START DATASET RECORDS

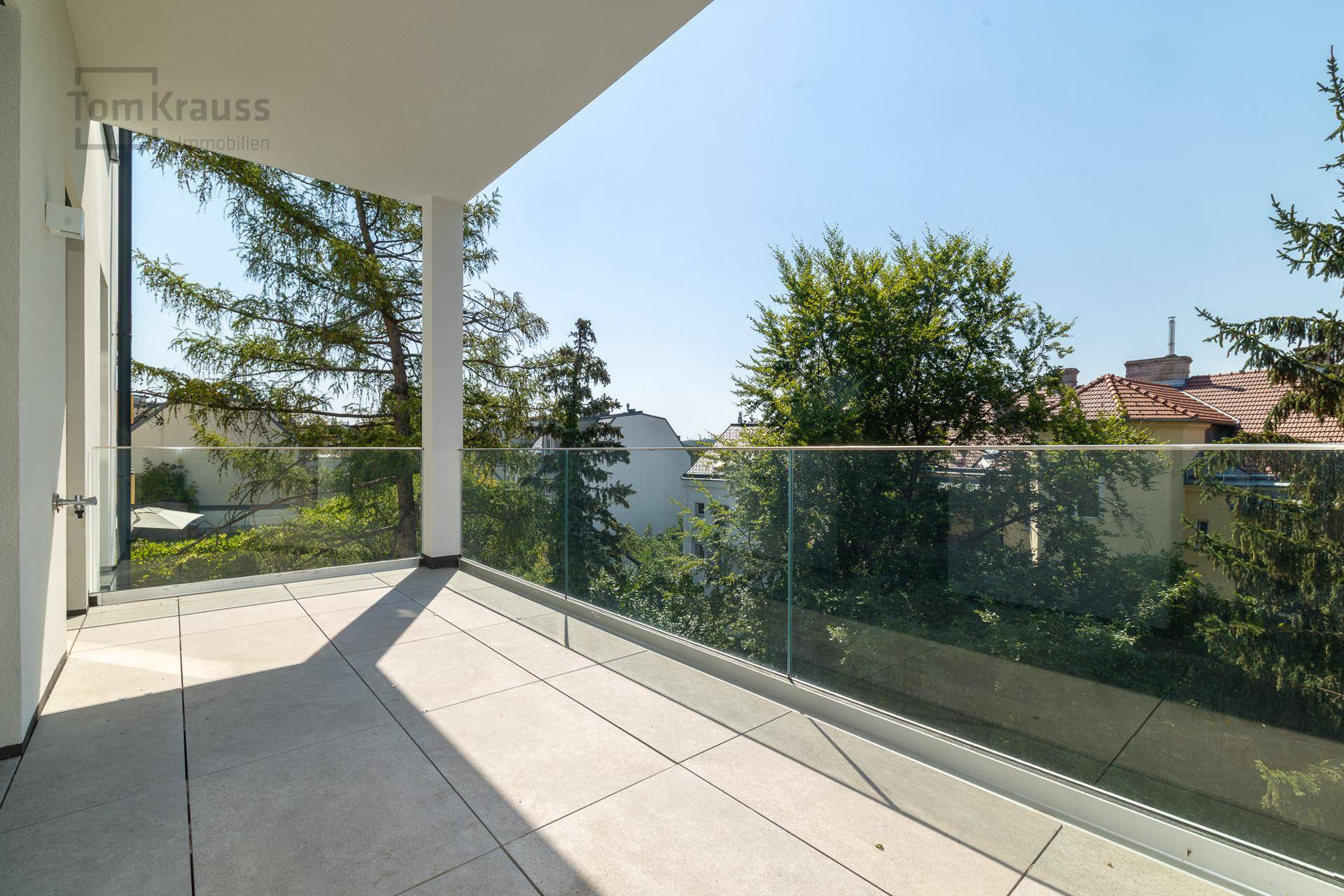 Geräumiger Balkon mit Fliesenboden und moderner Glasbrüstung, umgeben von Bäumen.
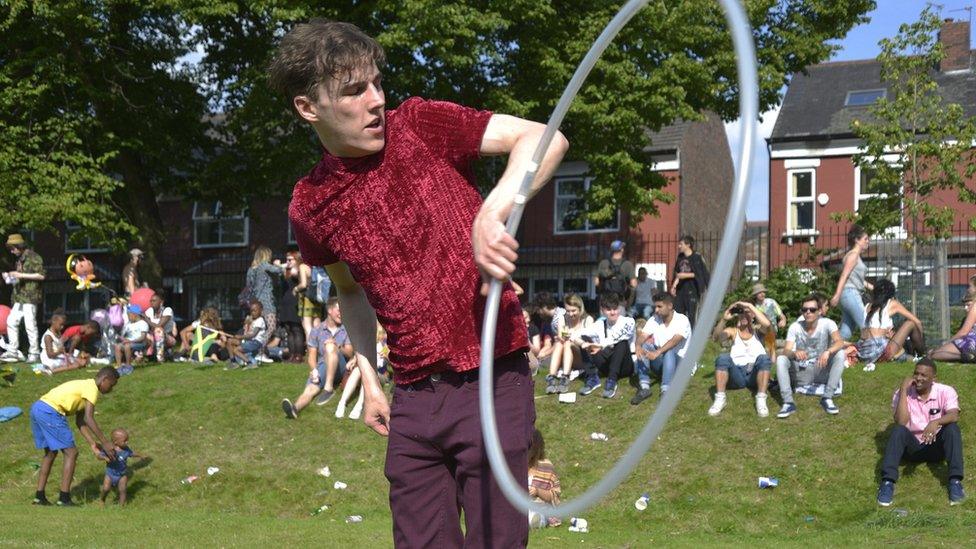 Man with hula hoop in carnival park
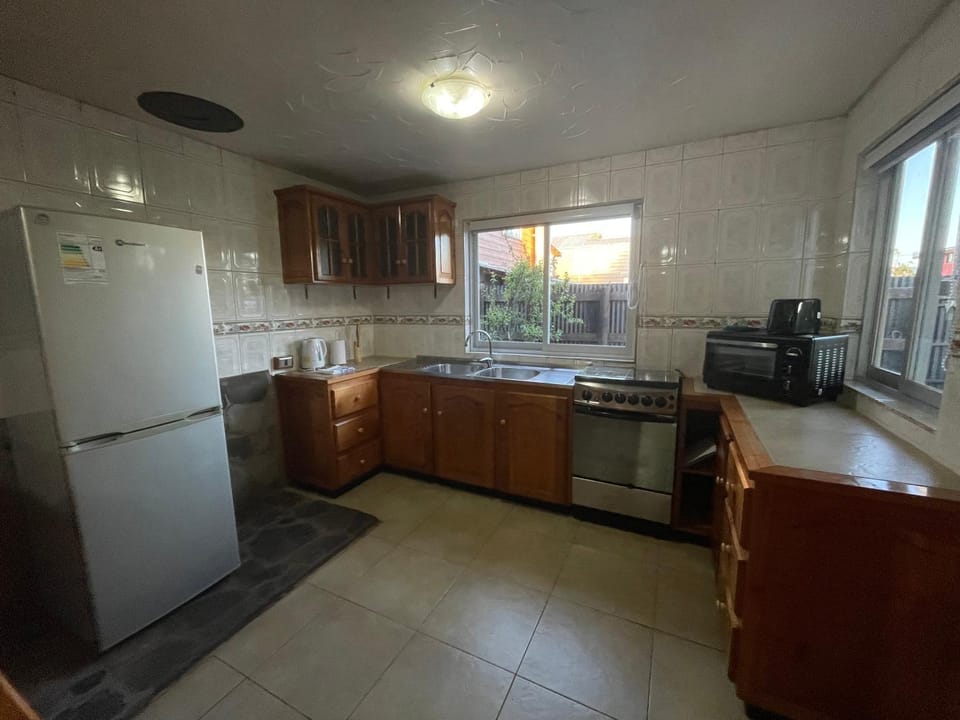 Kitchen or kitchenette, oven, stove, toaster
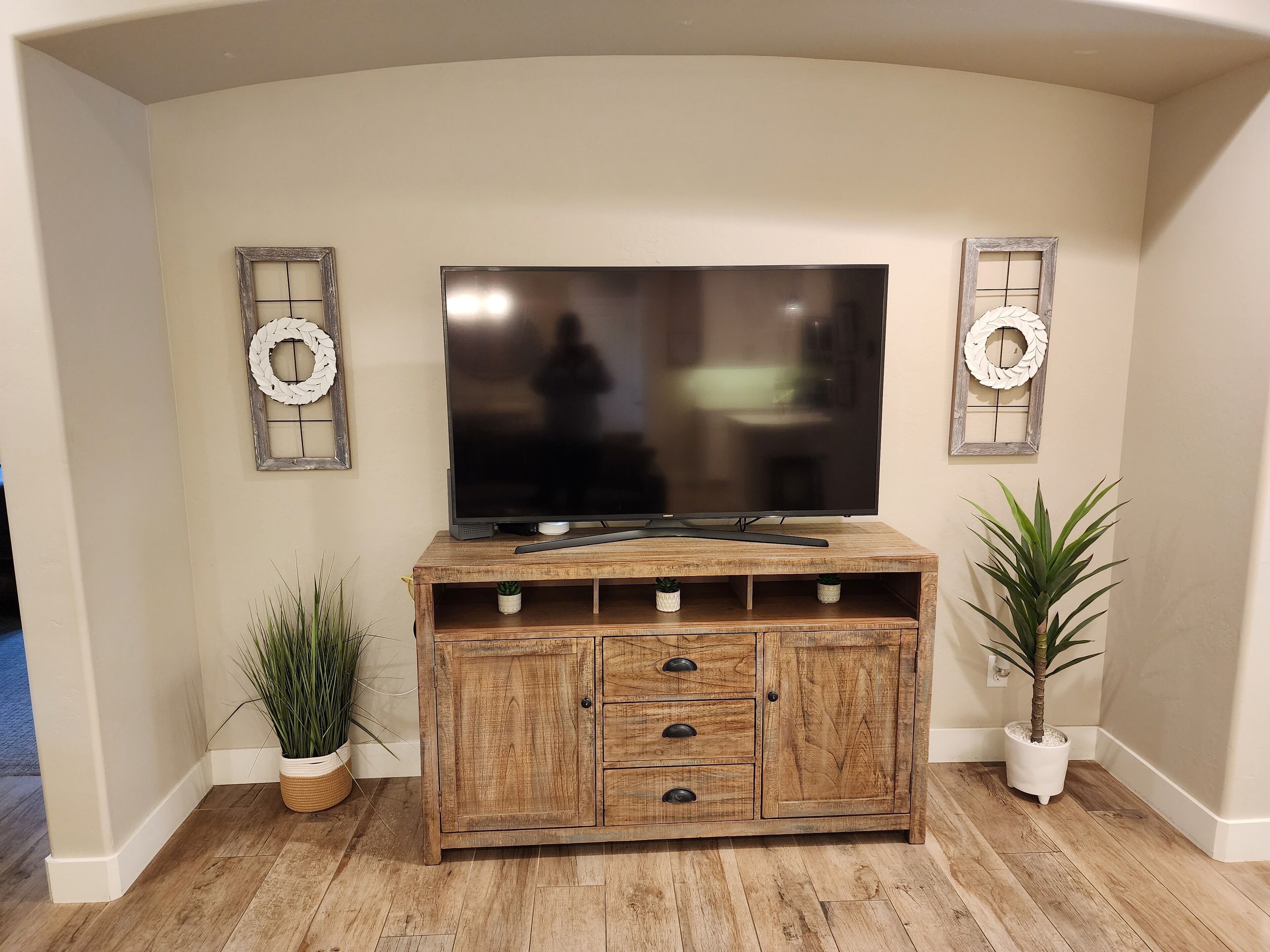 A wooden entertainment center with a flat-screen TV, two decorative wreaths, and potted plants.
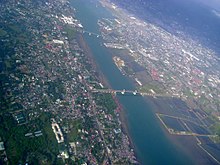 Aerial photo of the Mactan Channel looking south. Mandaue is on the right side while Lapu-Lapu City is on the left Metro Cebu-Aerial View.jpg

END DATASET RECORDS

From the line containing "Kitchen or kitchenette, oven, stove, toaster" through the final line of the listing, copy every line exactly and nothing else. Skip the pictures.

_SOLUTION TO THIS PROBLEM_.
 Kitchen or kitchenette, oven, stove, toaster
 A wooden entertainment center with a flat-screen TV, two decorative wreaths, and potted plants.
 Aerial photo of the Mactan Channel looking south. Mandaue is on the right side while Lapu-Lapu City is on the left Metro Cebu-Aerial View.jpg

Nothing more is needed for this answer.